Member of the National Assembly
- In office 2004–2009
- In office 1994–2001

Personal details
- Born: 12 April 1956 Kwa-Mandlenkosi, Beaufort West Cape Province, Union of South Africa
- Died: 3 August 2012 (aged 56) Western Cape, South Africa
- Party: African National Congress

= Nomatyala Hangana =

South African politician (1956–2012)

Nomatyala Elizabeth Hangana (12 April 1956 – 3 August 2012) was a South African politician who served as Deputy Minister of Provincial and Local Government from April 2004 to May 2009. She represented the African National Congress (ANC) in the National Assembly from 1994 to 2009, excepting a hiatus from 2001 to 2004 when she served in the Western Cape Executive Council. She was a former Provincial Chairperson of the ANC Women's League in the Western Cape.

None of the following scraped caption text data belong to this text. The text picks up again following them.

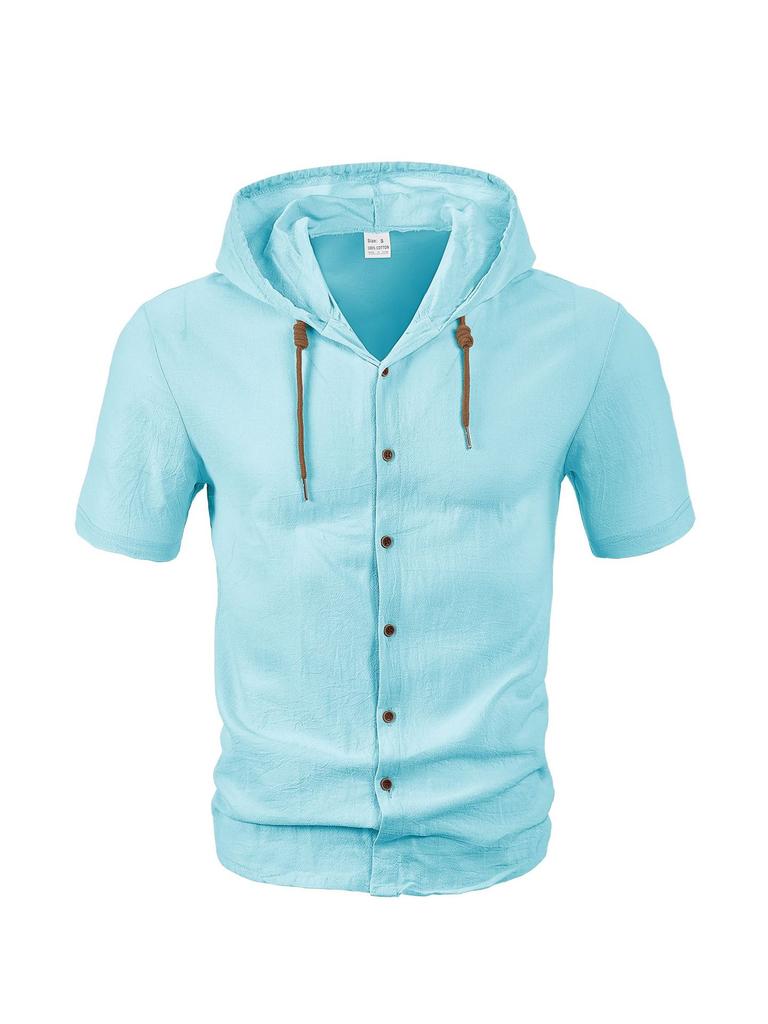 American Linen Men's Shirt, Fashionable and Casual Summer Breathable Thin Hooded Short-sleeved Cardigan Jacket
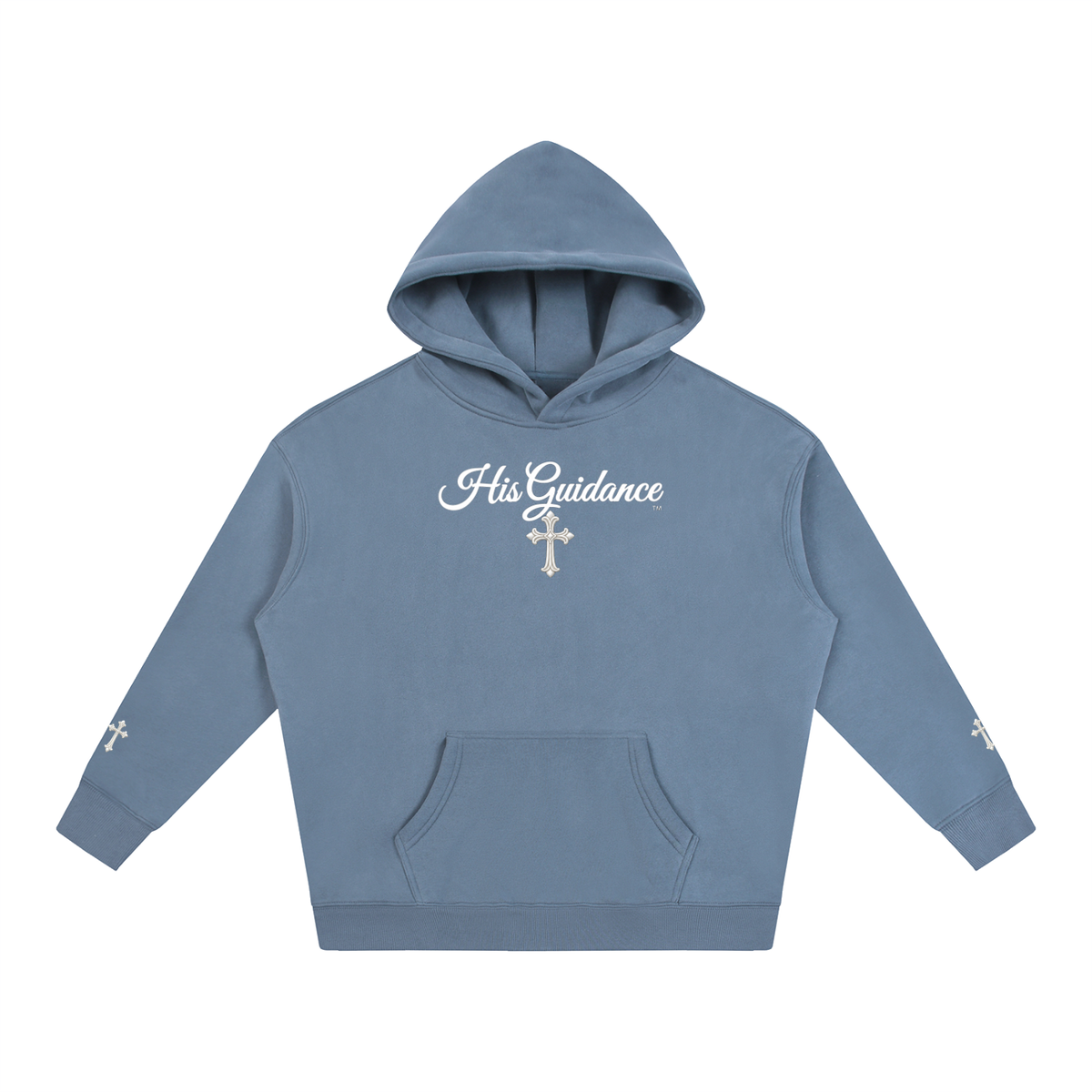 "His Guidance" Oversize Fleeced Hoodie (cross on sleeves)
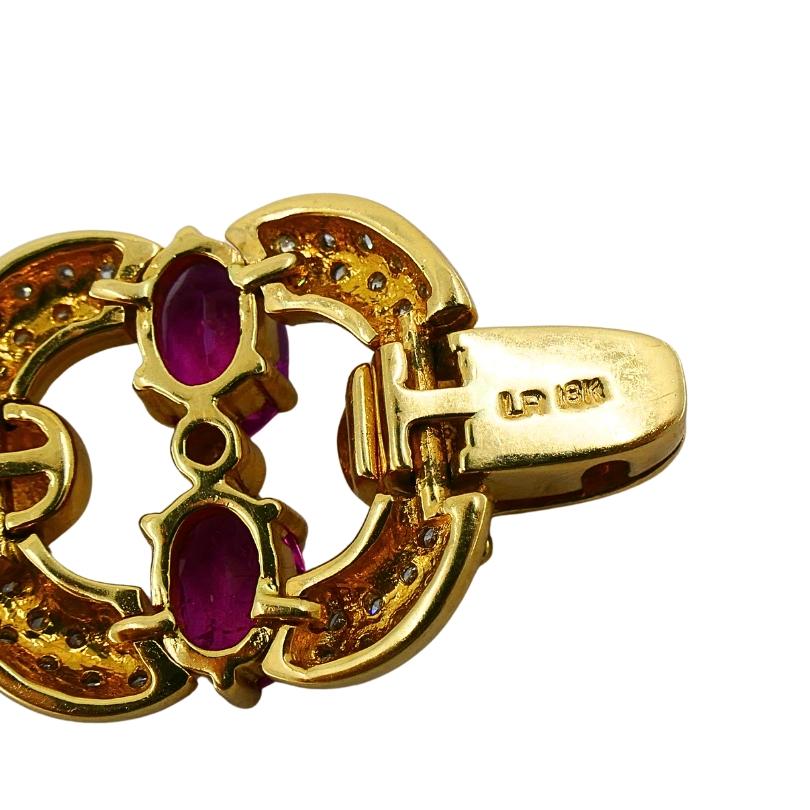 Vintage 18k Gold Tourmaline Diamond Bracelet For Sale 4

== Early life and career ==
Hangana was born on 12 April 1956 and grew up in KwaMandlenkosi, a township in Beaufort West in the Central Karoo. She obtained a paralegal's diploma in 1982 and worked at the Legal Resources Centre in Cape Town and then in the Athlone law offices of Bulelani Ngcuka.

== Legislative career: 1994–2009 ==
In South Africa's first post-apartheid elections in 1994, Hangana was elected to represent the ANC in the National Assembly, the lower house of the South African Parliament. During the legislative term that followed, she chaired the Portfolio Committee on Housing from 1997 to 1999. She was also a member of the national executive of the ANC Women's League and served as Provincial Chairperson of the league's Western Cape branch.

She was re-elected to her legislative seat in 1999, but in late 2001 the ANC transferred her to the Western Cape Provincial Parliament, where she served as Member of the Executive Council (MEC) for Housing in the Western Cape Executive Council. The Mail & Guardian said that her performance was disappointing and that she "left the Western Cape housing department in shambles".

Pursuant to the 2004 general election, Hangana returned to the National Assembly and President Thabo Mbeki appointed her as Deputy Minister of Provincial and Local Government under Minister Sydney Mufamadi. She resigned from government after the 2009 general election.

== Personal life and death ==
She had three children. She died in the Western Cape on 3 August 2012 following a short illness.